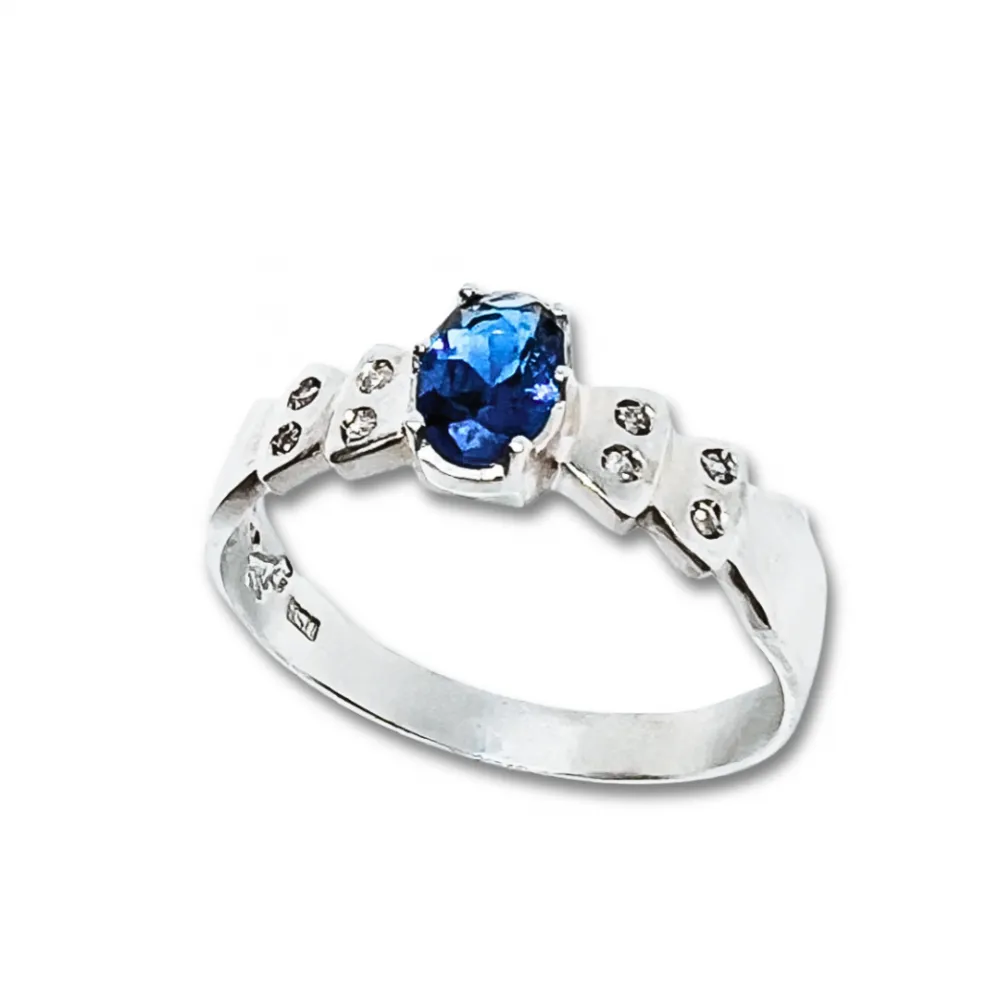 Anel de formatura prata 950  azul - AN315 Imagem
# # # # #
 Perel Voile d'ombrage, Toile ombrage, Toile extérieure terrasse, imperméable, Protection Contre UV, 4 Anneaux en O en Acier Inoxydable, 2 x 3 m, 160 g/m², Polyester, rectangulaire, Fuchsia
# # # # #
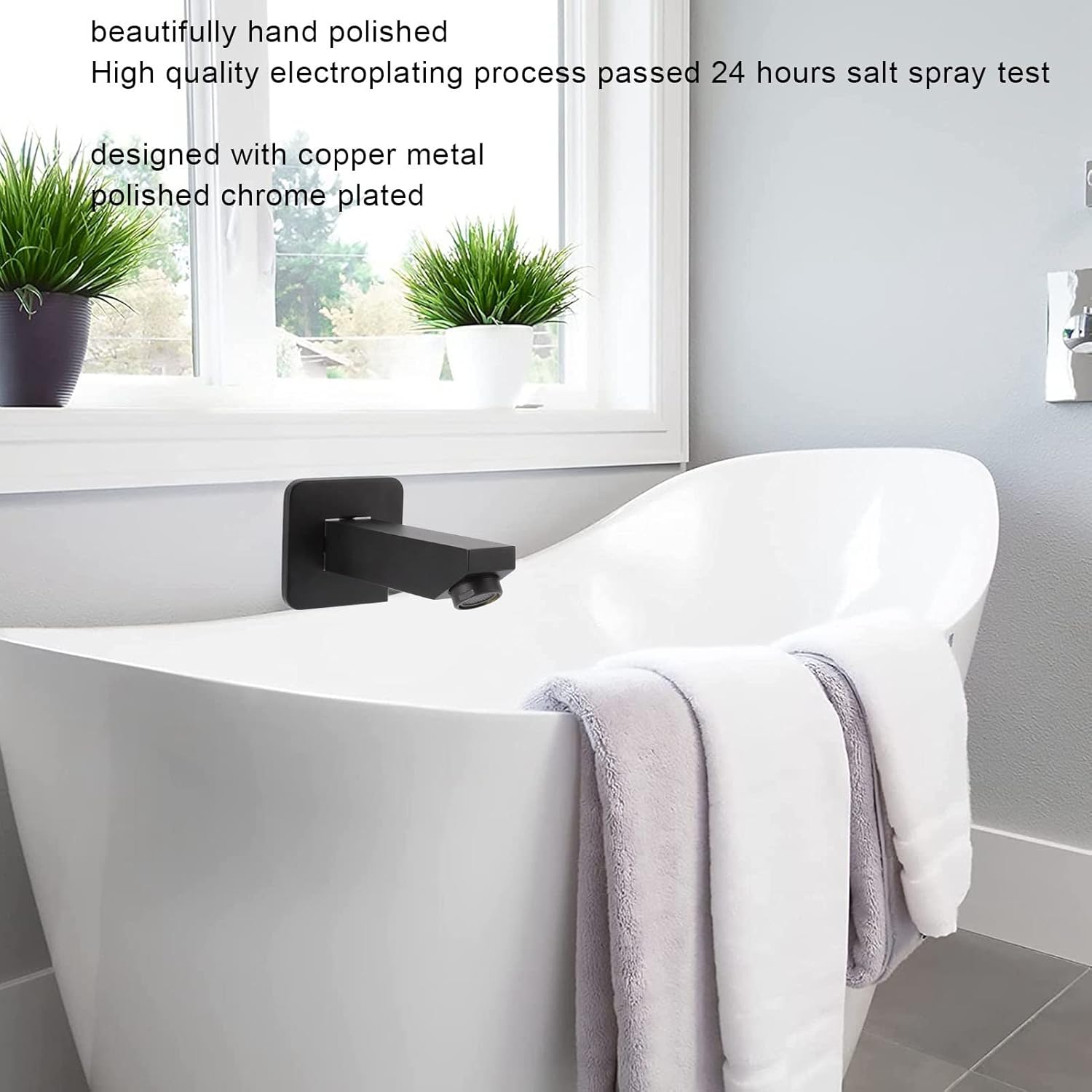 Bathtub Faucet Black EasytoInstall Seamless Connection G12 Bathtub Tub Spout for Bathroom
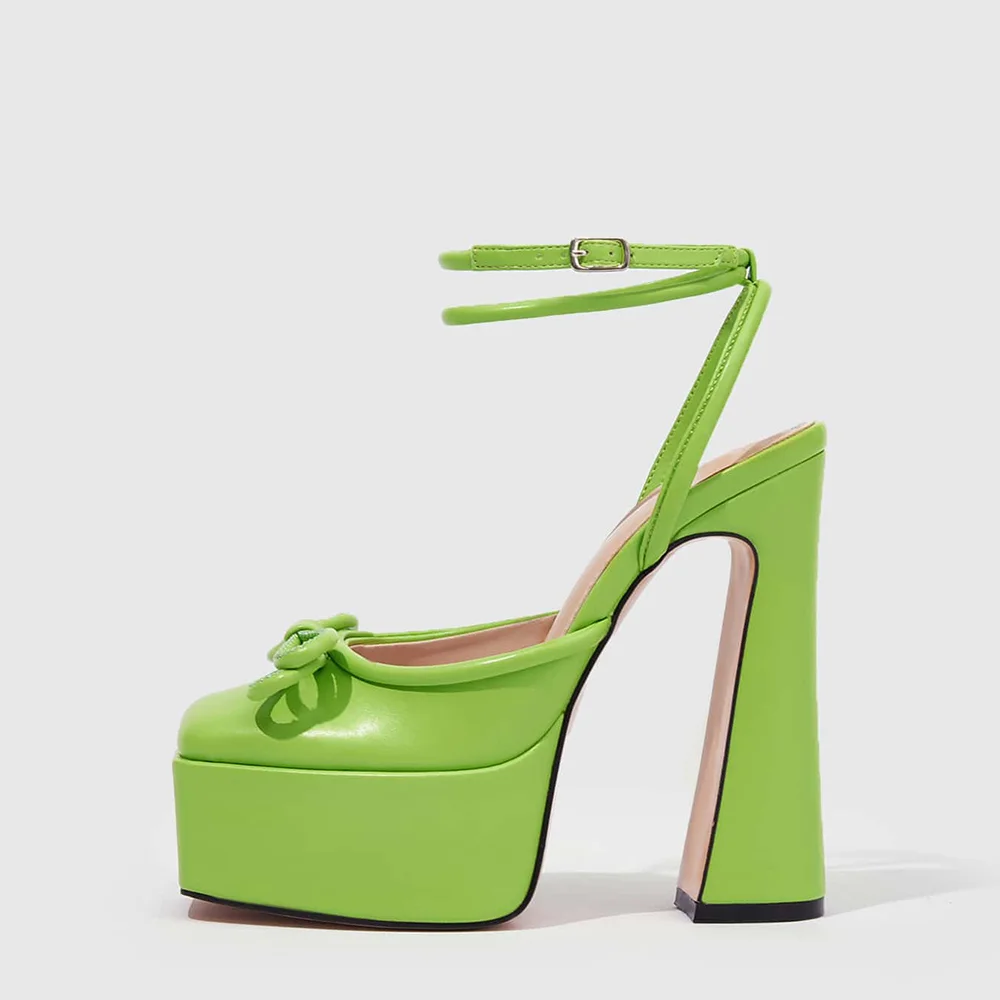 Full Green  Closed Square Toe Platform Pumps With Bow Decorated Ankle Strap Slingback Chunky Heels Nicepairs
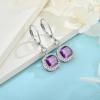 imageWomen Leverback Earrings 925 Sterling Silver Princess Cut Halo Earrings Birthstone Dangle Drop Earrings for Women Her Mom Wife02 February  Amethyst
# # # # #
WHAT NEEDS TO BE DONE |
Here the job is to copy the stretch of records from the line containing "Chunky Heels Nicepairs" through the line containing "imageWomen Leverback Earrings", word for word. Leave every picture out.

SOLUTION FOR THIS PROBLEM |
 Full Green  Closed Square Toe Platform Pumps With Bow Decorated Ankle Strap Slingback Chunky Heels Nicepairs
 imageWomen Leverback Earrings 925 Sterling Silver Princess Cut Halo Earrings Birthstone Dangle Drop Earrings for Women Her Mom Wife02 February  Amethyst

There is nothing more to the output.